Andy B demo: Ice Storm!
[mp3]http://spitfire-webassets.s3.amazonaws.com/audio/Cimbalom_AB_IceStorm.mp3[/mp3]

Non-Flash:

http://spitfire-webassets.s3.amazonaws.com/audio/Grand Cimbalom/The Young Queen of the East.mp3

http://spitfire-webassets.s3.amazonaws.com/audio/Grand Cimbalom/The Young Queen of the East.mp3

First there was the Harp, then the Harpsichord, and now Spitfire are please to introduce the *Cimbalom* to this family of definitive VIs. 

The *Cimbalom* is a concert hammered dulcimer: a type of chordophone composed of a large, trapezoidal box with metal strings stretched across its top. It is a musical instrument popularized in Hungary and commonly found throughout central and eastern Europe. The cimbalom is played by striking two beaters against the strings. The steel treble strings are arranged in groups of 4 and are tuned in unison. The bass strings which are over-spun with copper, are arranged in groups of 3 and are also tuned in unison.

The *Cimbalom* has been used in many film scores over the years: famously *John Barry* used it in the title theme for the film *The Ipcress File*, as well as in the main theme of the 1971 TV series *The Persuaders!*. But it’s most famous, and coolest use was probably on the 1994 *Portishead* track “*Sour Times*” - an example of how the instrument can be used as a mournful exotic sound not just it’s often stereotypical use against East European backdrops, spy intrigue and cold war thrillers.

Aside from being an amazing featured or solo instrument, it is also great as a textural element; doubling pianos and other tuned percussion instruments, it is particularly interesting in unison with pizzicato passages. A fantastic new colour for your palette and with this level of deep sampling, something that can sit proud and exposed in your mixes, and honestly and realistically express the emotion of your composition.



Spitfire are delighted to present *Greg Knowles* playing his *Grand Cimbalom* in the hall at *Air Studios, London*, one of the greatest recording studios in the world. Sampled with 4 round robins and 2 dynamics as single hits, and of course the characteristic tremolando.
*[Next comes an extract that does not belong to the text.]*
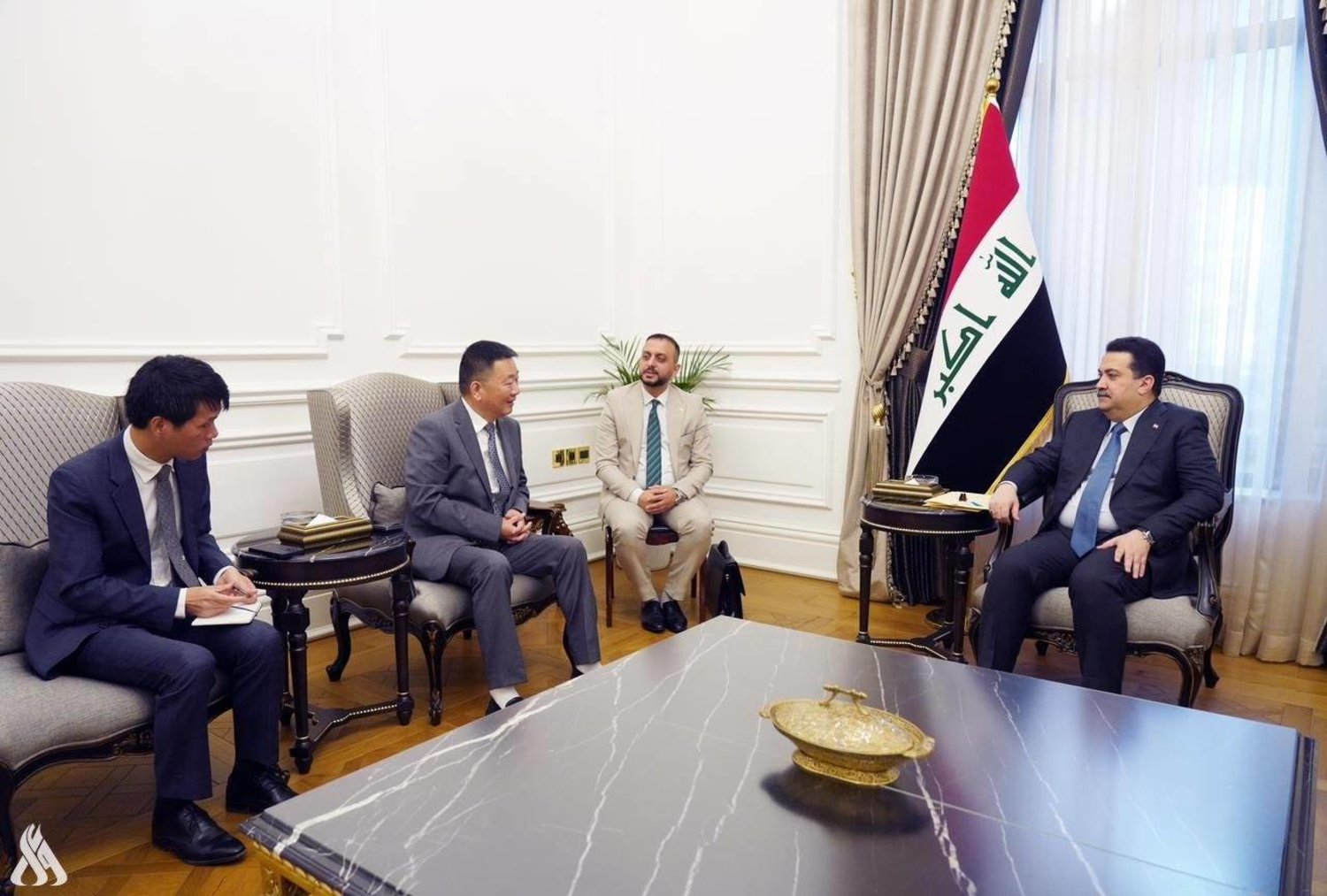 رئيس الوزراء العراقي يستقبل رئيس الشركة الصينية «شانغ شين» (وكالة الأنباء العراقية)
Recorded through the finest mics via Neve “Montserrat” pre-amps and Prism AD converters. The *Spitfire Cimbalom* joins our Harpsichord and Harp as the definitive VI in its class. The Cimbalom is presented with* 4 mic positions* (Close, Tree, Ambient, Outriggers) and is designed to be used in conjunction with a *full version of Kontakt 4.2.4 or Kontakt 5.* (This will not work with the free Kontakt Player.)
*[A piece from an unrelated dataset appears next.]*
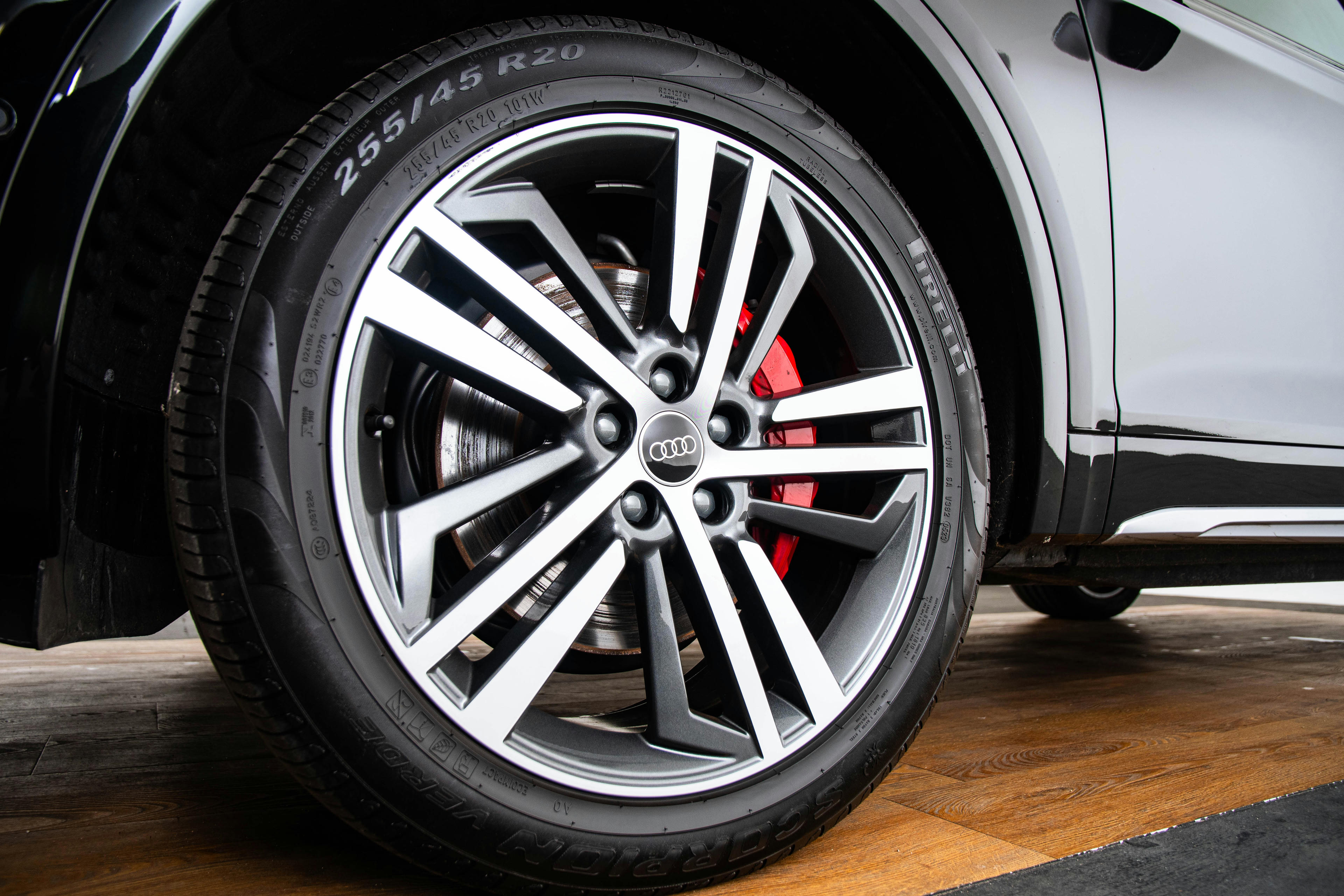 Car image 11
To find out more go https://www.spitfireaudio.com/grand-cimbalom (HERE.)


----------



## matolen (Jan 23, 2013)

*Re: SPITFIRE RELEASE -- GRAND CIMBALOM!! 25% discount period!!*

Awesome! :D


----------



## 667 (Jan 23, 2013)

*Re: SPITFIRE RELEASE -- GRAND CIMBALOM!! 25% discount period!!*

Sounds really nice, grabbing for sure!


----------



## Mihkel Zilmer (Jan 23, 2013)

*Re: SPITFIRE RELEASE -- GRAND CIMBALOM!! 25% discount period!!*

Bought, downloaded, installed and already using it in a cue. Another amazing VI from Spitfire! Congrats.


----------



## Joao Bernardo (Jan 23, 2013)

*Re: SPITFIRE RELEASE -- GRAND CIMBALOM!! 25% discount period!!*

I've been waiting for a good cimbalom since I first listened to the "Curious Case of Benjamin Button" soundtrack by Desplat, great work!


----------



## Lukas K (Jan 23, 2013)

*Re: SPITFIRE RELEASE -- GRAND CIMBALOM!! 25% discount period!!*

Sounds lovely!

However, I don't quite understand why did you choose to sample 4 round robins and only 2 dynamics? I wonder if it's expressive enough, even for some delicate piano playing.

The thing is, I already own Moldova Concert Cimbalom with 3 dynamic layers, 3 different mallets, pizzicato and harmonics articulations, plus clusters and effects, BUT the fact that this is "made by Spitfire Audio" is definitely tempting.

Is there any chance you'll make some vol. 2 with more advanced stuff in the future or this is it?

The last question, is it possible to combine this launch promo price with an EDU discount?

Thanks and good luck!

Lukas


----------



## jamwerks (Jan 23, 2013)

*Re: SPITFIRE RELEASE -- GRAND CIMBALOM!! 25% discount period!!*

Exceptional, as always !!


----------



## dcoscina (Jan 23, 2013)

*Re: SPITFIRE RELEASE -- GRAND CIMBALOM!! 25% discount period!!*

Purchased! Love the sound


----------



## doctornine (Jan 23, 2013)

*Re: SPITFIRE RELEASE -- GRAND CIMBALOM!! 25% discount period!!*

You had me at THE PERSUADERS.


----------



## matolen (Jan 23, 2013)

*Re: SPITFIRE RELEASE -- GRAND CIMBALOM!! 25% discount period!!*

Ordered as well, hooray!


----------



## JMDNYC (Jan 23, 2013)

*Re: SPITFIRE RELEASE -- GRAND CIMBALOM!! 25% discount period!!*

For my first film score I rented a climbalom and had to figure out how to play it by pasting post-it notes on the various strings telling me what note it was. It was such a pain I never did it again. Needless to say, I bought this the second I got the announcement.


----------



## Walid F. (Jan 24, 2013)

*Re: SPITFIRE RELEASE -- GRAND CIMBALOM!! 25% discount period!!*



Lukas K @ Wed Jan 23 said:


> Sounds lovely!
> 
> However, I don't quite understand why did you choose to sample 4 round robins and only 2 dynamics? I wonder if it's expressive enough, even for some delicate piano playing.



I'm wondering this too!



> The last question, is it possible to combine this launch promo price with an EDU discount?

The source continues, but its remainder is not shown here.